Dans les tribunes du Monde, il y en a une qui pour une fois vaut le détour : celle du producteur Vincent Maraval. Il profite de la polémique née du départ de Gérard Depardieu pour se poser la question de savoir si les salaires des stars françaises du cinéma sont mérités. Comme il utilise des arguments bien étayés, son propos est très pertinent, et amène à remettre en cause la situation présente. Un salaire peut être très élevé s'il rétribue un travail qui a permit de générer encore plus d'argent. Visiblement, ces derniers temps, les salaires de certaines stars sont si élevés que les films auxquelles ils participent peuvent ne pas être rentables, même lorsqu'ils rencontrent un succès normal en salle. Dans ce cas, c'est sûr, il y a un problème.

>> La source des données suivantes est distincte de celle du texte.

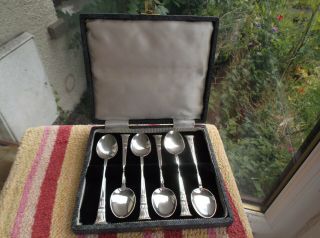 Vintage Solid Silver Set 6 X Coffee Spoons,  Mappin & Webb,  Boxed.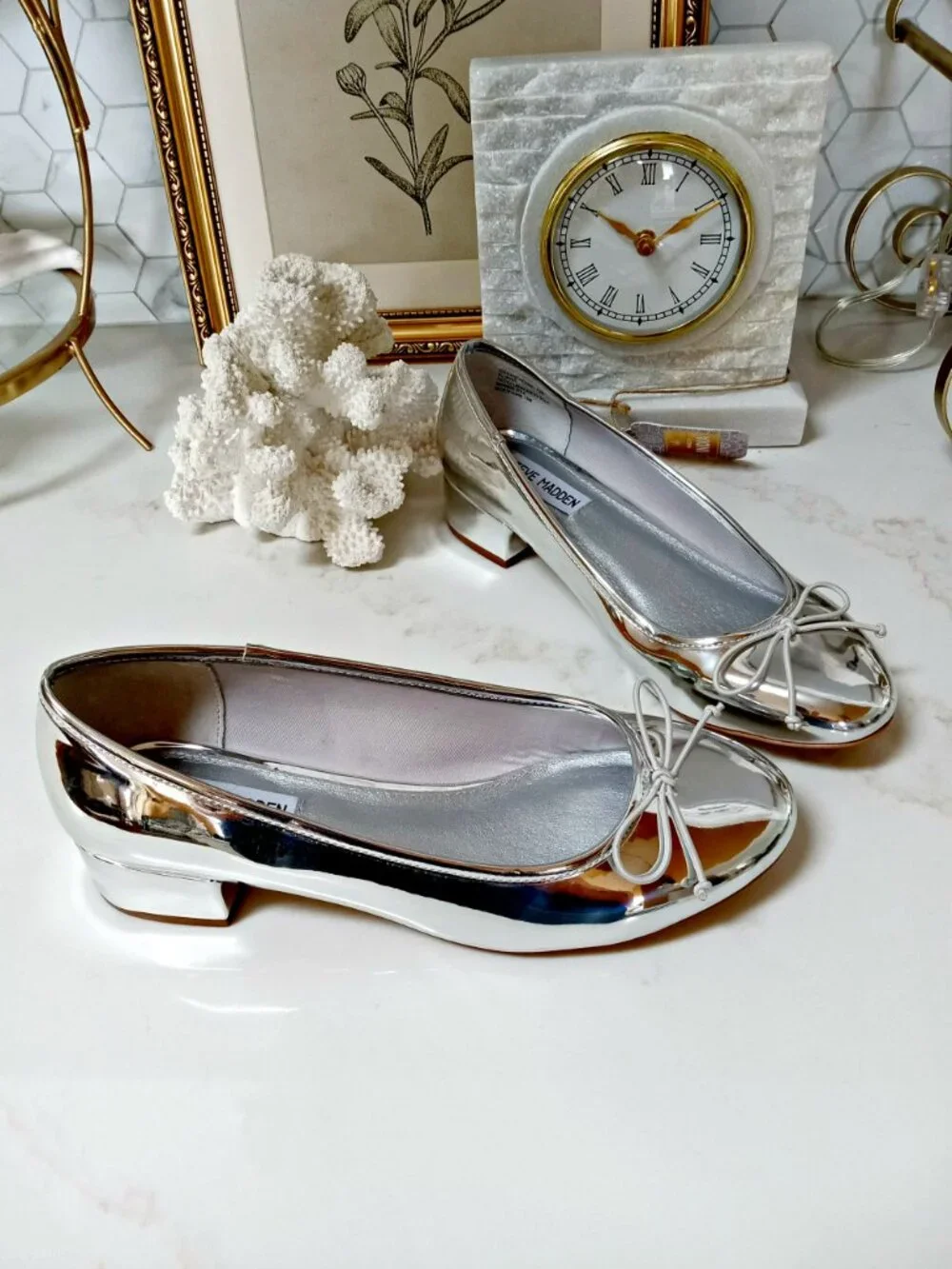 79.99 STEVE MADDEN SILVER CHERISH PATENT LOW HEELS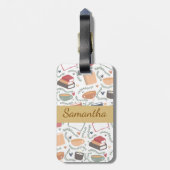 Bücher, Kerzen und Tee Gepäckanhänger (Rückseite vertikal)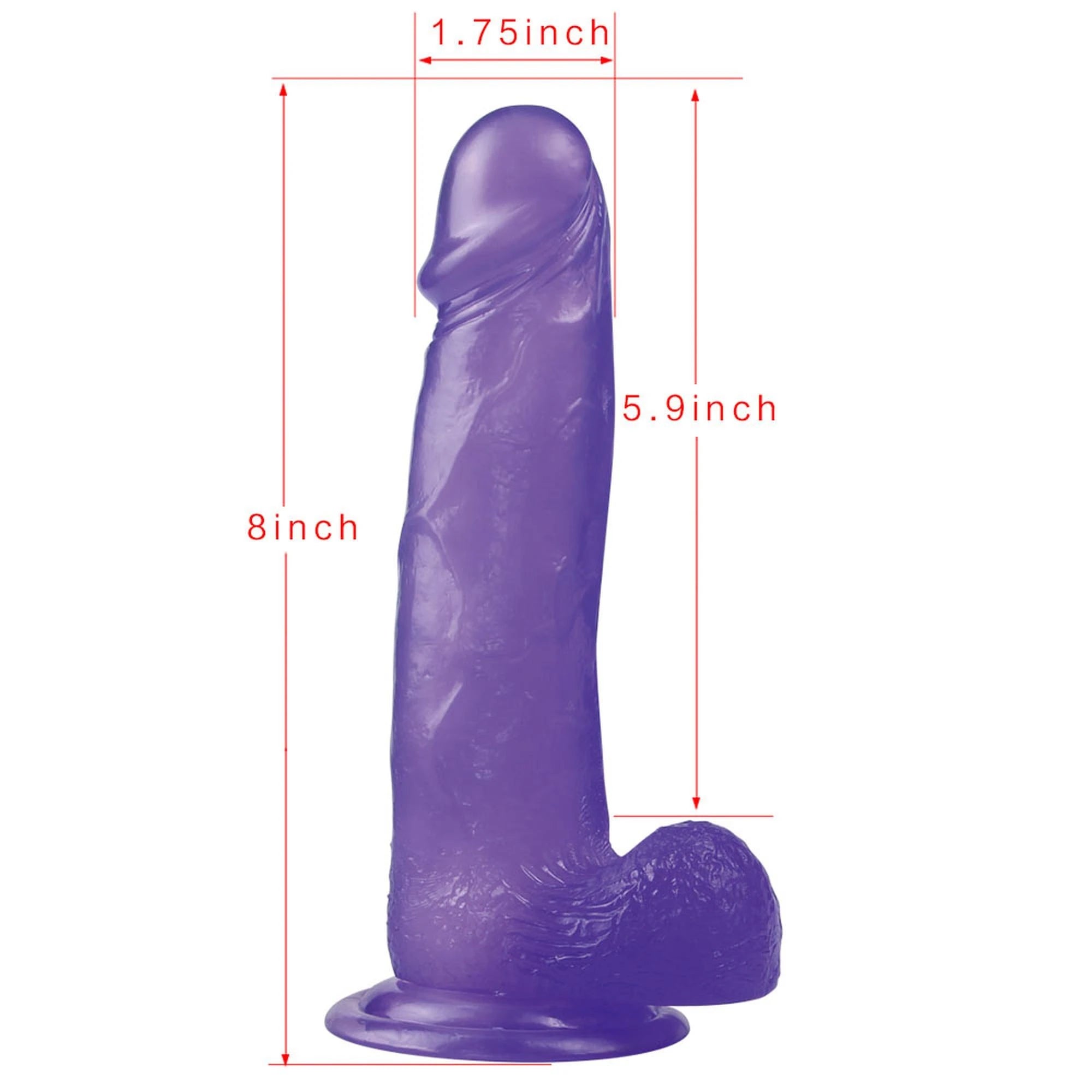 8″ Jelly Studs Crystal Dildo Large Purple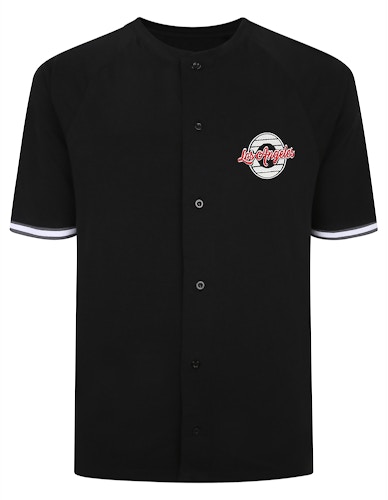Bigdude – Besticktes Baseball-T-Shirt in Schwarz, Größe L
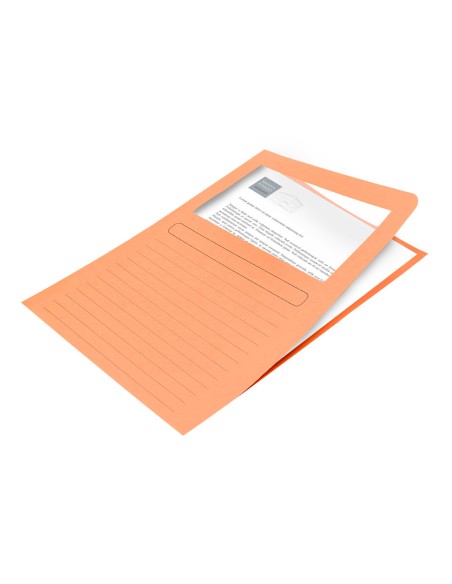 Subcarpeta cartulina q-connect din a4 naranja con ventana transparente 120 g/m2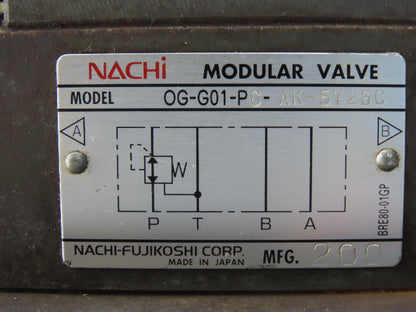 Nachi SL-G01-EX3-R-D-30 & SL-G01-EX3-GR-D2-31 Hydraulic Solenoid Valve Assembly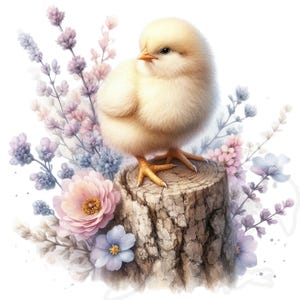 May include: A fluffy yellow chick stands on a weathered tree stump, surrounded by delicate watercolour flowers in shades of pink, lavender, and blue. The chick has orange feet and a small beak. The overall theme is spring and nature.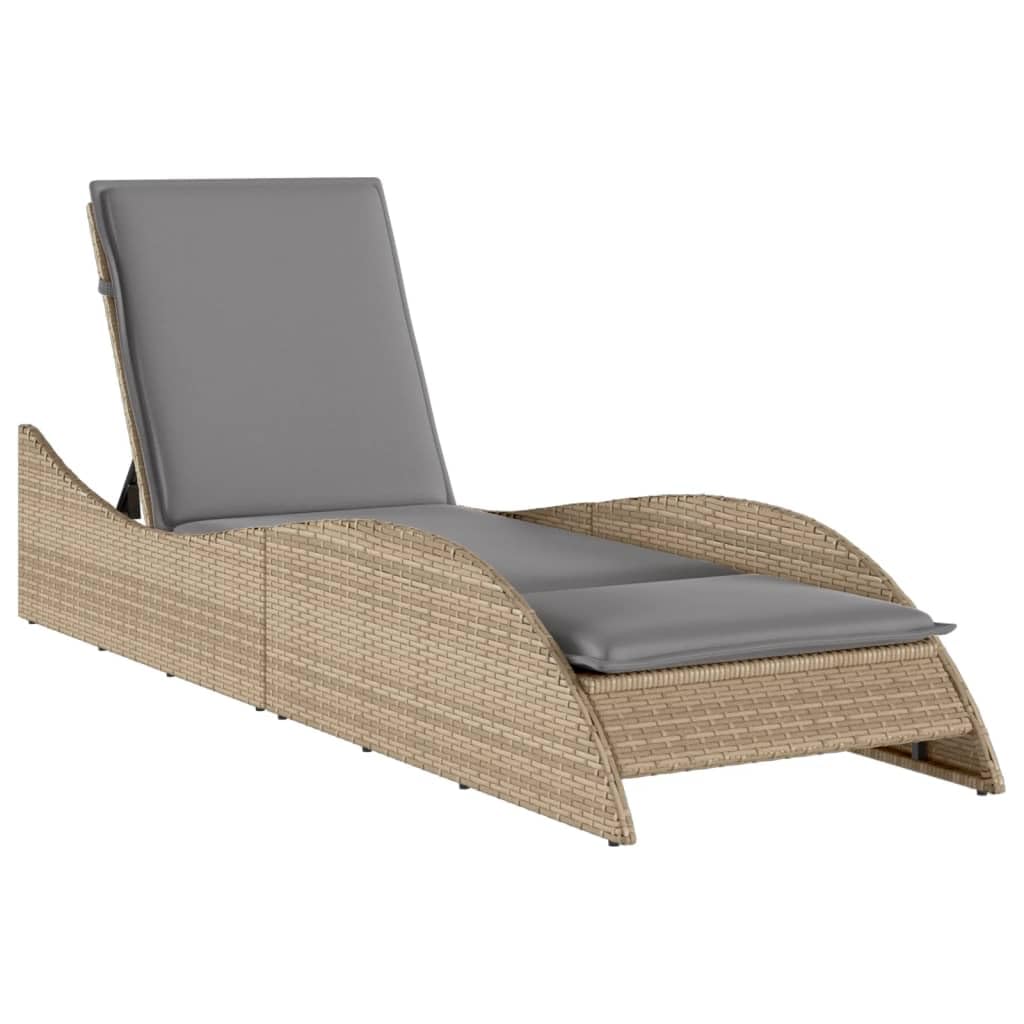 Lettino Prendisole da Giardino in Polyrattan con Cuscino Beige | Sdraio relax per giardino e bordo piscina con schienale regolabile a 3 posizioni e morbida imbottitura sfoderabile.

L'explication se trouve dans le fait que les films sont en grande partie financés par les subventions publiques et les obligations d'investissement des chaînes télévisées, les entrées en salle ne décidant plus du sort d'un film. Alors que le cinéma ne permet plus de fortes audiences à la télévision, les chaînes sont toujours obligées par les pouvoirs publics d'acheter en proportion de leurs revenus des films et de participer au financement de leur production. Cet argent se retrouve donc directement dans les poches de ces stars, qui monnayent leur célébrité plus que leur capacité à attirer vraiment des spectateurs ou des téléspectateurs.

Pendant ce temps, on va nous faire pleurer sur le sort de France Télévisions, et augmenter le montant de la redevance obligatoire de six euros car c'est trop dur de maîtriser les budgets. C'est promis, l'argent bénéficiera à "la création", c'est à dire le compte en banque des stars. Voilà encore un système vermoulu par les subventions et les réglementations excessives. Que la création cinématographique soit décidée en fonction de son succès ! Ou plus directement : laissons le marché décider ce qu'il a envie de voir. Pourquoi subventionner ou forcer le financement de films que personne ne veut voir, en salle ou à la télévision ? Si la présence d'une star suffit à faire d'un film un succès, pourquoi ne pas l'intéresser aux profits du film, plutôt que de fixer un salaire fixe éventuellement surdimensionné ?

Il en va du cinéma comme de tous les arts : le statut artistique ne doit pas être une excuse pour permettre des œuvres qui n'ont aucun public.